--- Task item ---
Your answer must be an exact copy of the records below, with no pictures in it.

--- The records ---

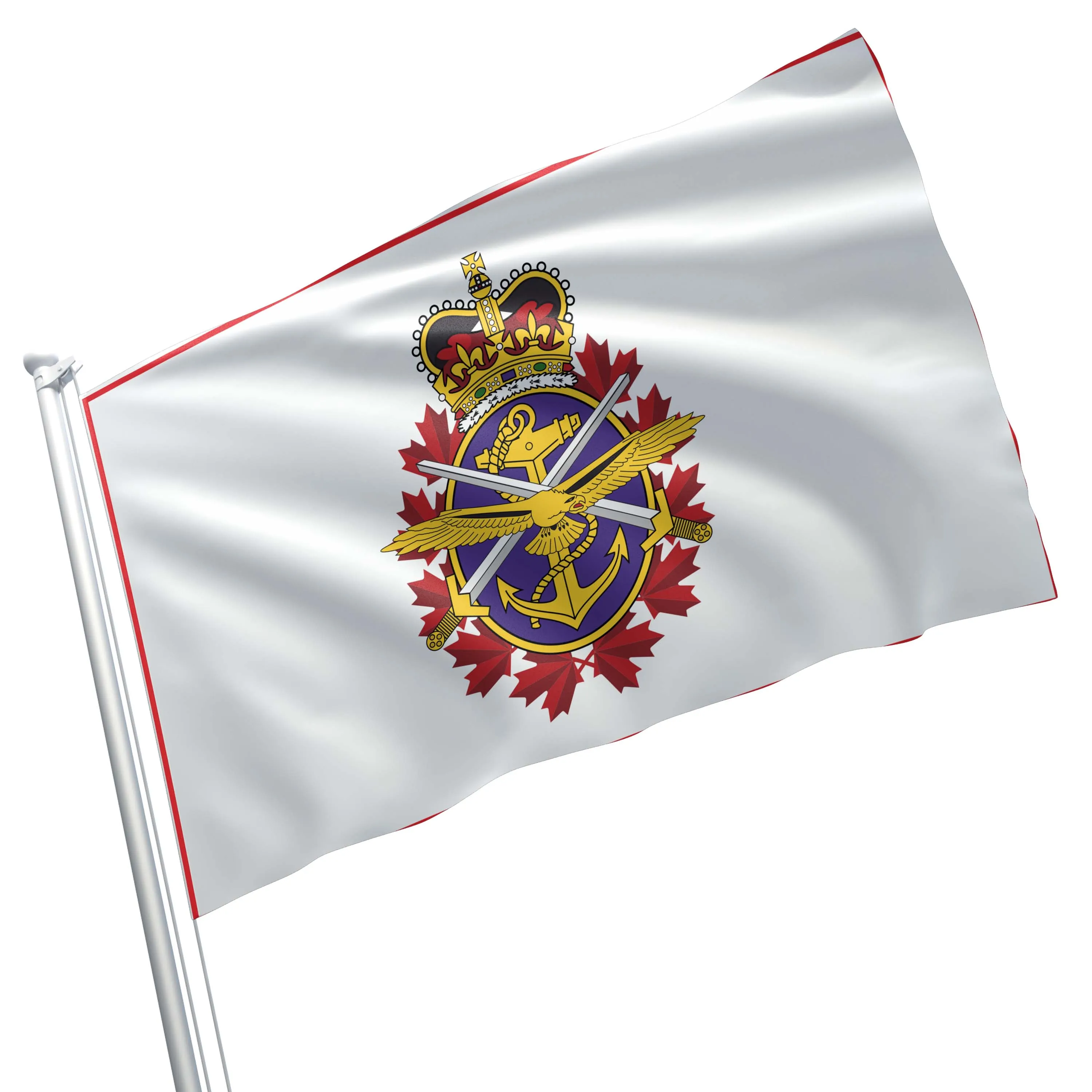 Canadian Armed Forces Flag Banner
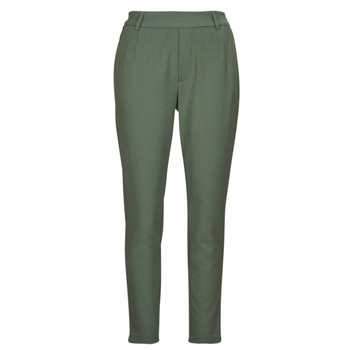 Vêtements Femme Pantalons fluides / Sarouels Vila VIVARONE HW SLIM PANT Vert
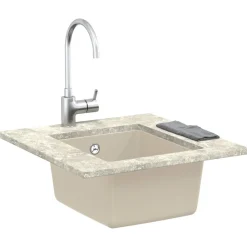 Wasbak 370 x 460 mm 80% Kwarts en 20% Hars>vidaXL Sale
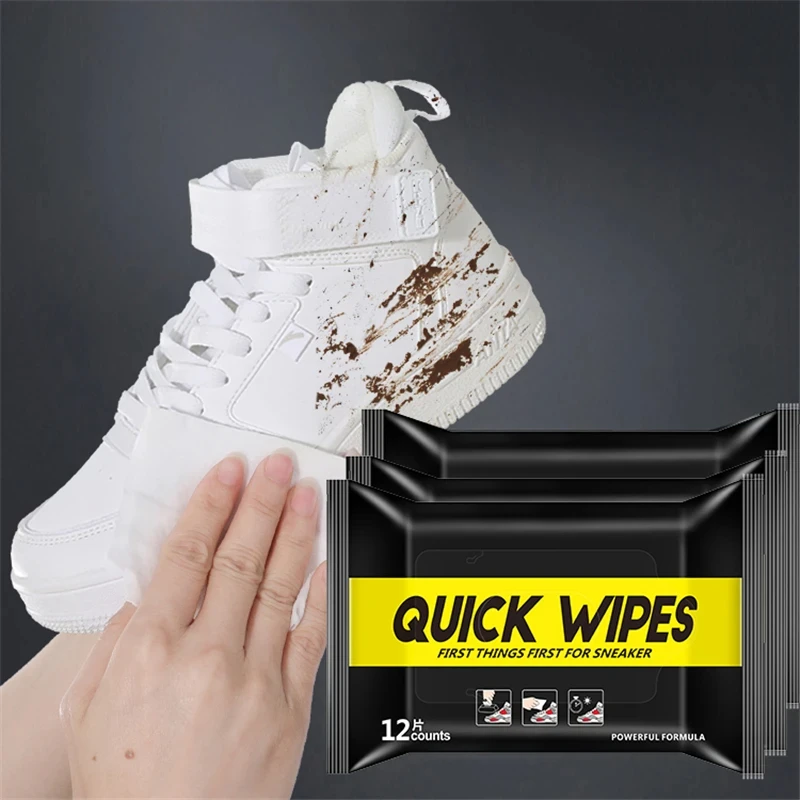 12 قطعة/30 قطعة أحذية يمكن الت - مراجعة Shoe Cleaner وسعره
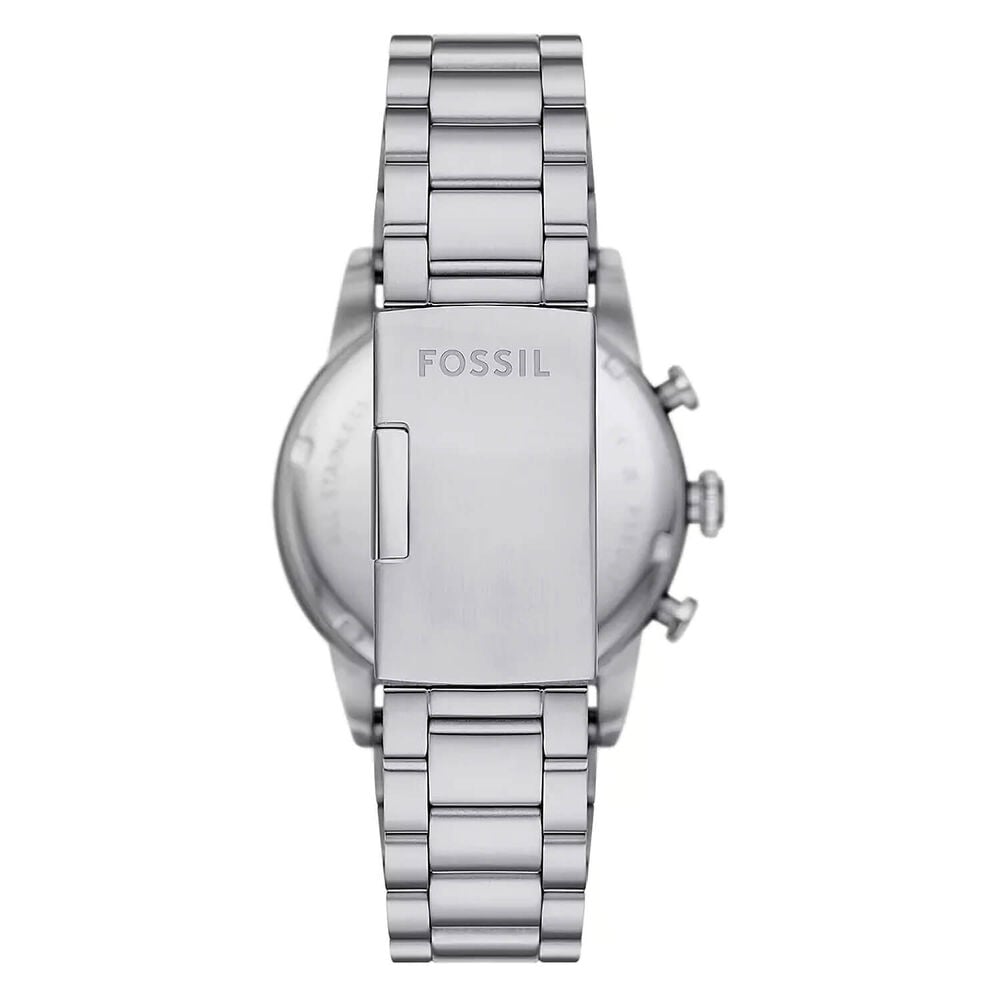 Fossil Sport Tourer Chronograph 42mm Black Dial Steel Bracelet Watch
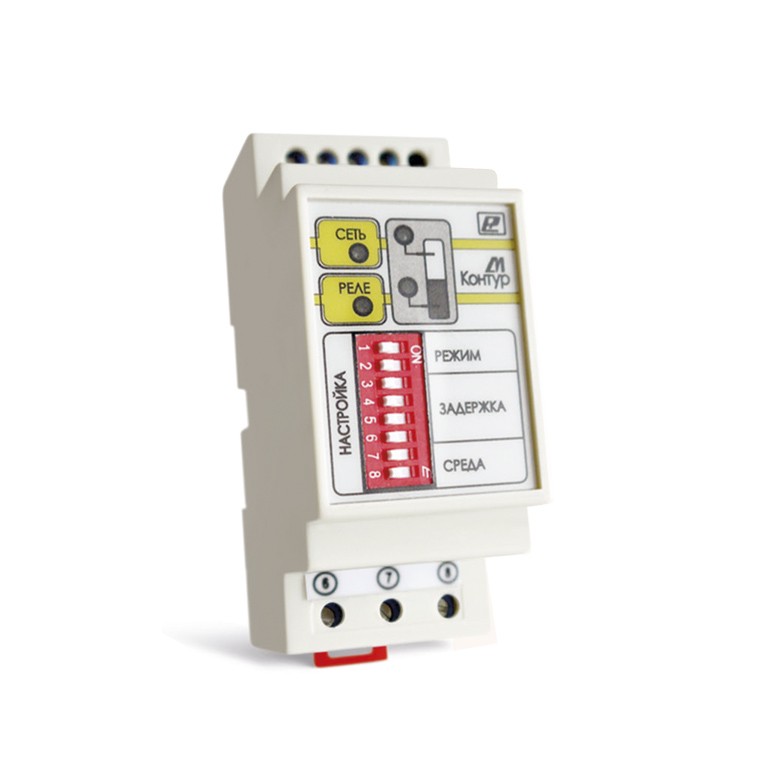 Контроллер уровня (реле контроля уровня) Контур-М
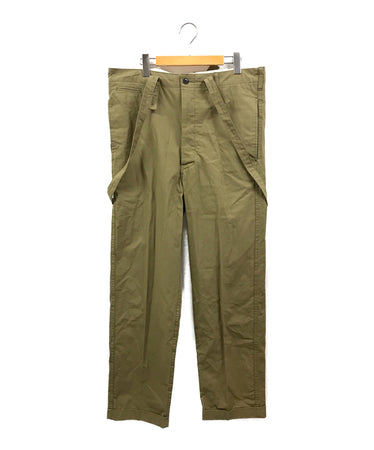 [Pre-owned] visvim 19SS CAMUS BRACES PANTS WD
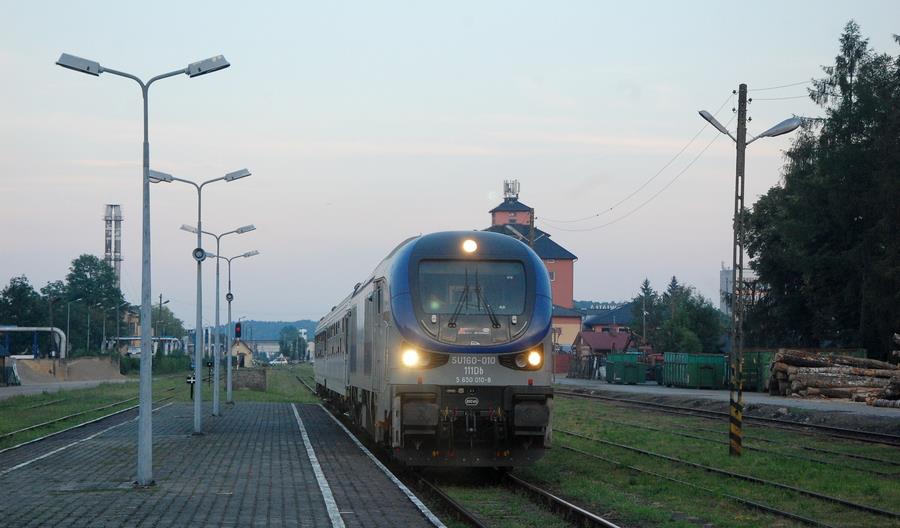 TLK Pogórze od grudnia dojedzie do Gorlic i Zagórza TLK Pogórze od grudnia dojedzie do Gorlic i Zagórza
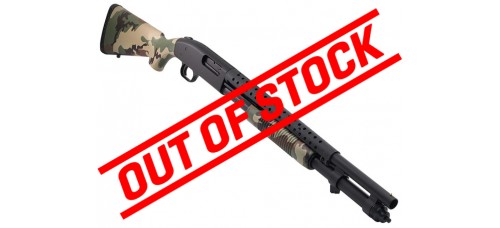 Mossberg 590 Woodland Camo 12 Gauge 3" 20" Barrel Pump Action Shotgun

--- Solution to this exercise ---
 Canadian Armed Forces Flag Banner
 Vêtements Femme Pantalons fluides / Sarouels Vila VIVARONE HW SLIM PANT Vert
 Wasbak 370 x 460 mm 80% Kwarts en 20% Hars>vidaXL Sale
 12 قطعة/30 قطعة أحذية يمكن الت - مراجعة Shoe Cleaner وسعره
 Fossil Sport Tourer Chronograph 42mm Black Dial Steel Bracelet Watch
 Контроллер уровня (реле контроля уровня) Контур-М
 [Pre-owned] visvim 19SS CAMUS BRACES PANTS WD
 TLK Pogórze od grudnia dojedzie do Gorlic i Zagórza TLK Pogórze od grudnia dojedzie do Gorlic i Zagórza
 Mossberg 590 Woodland Camo 12 Gauge 3" 20" Barrel Pump Action Shotgun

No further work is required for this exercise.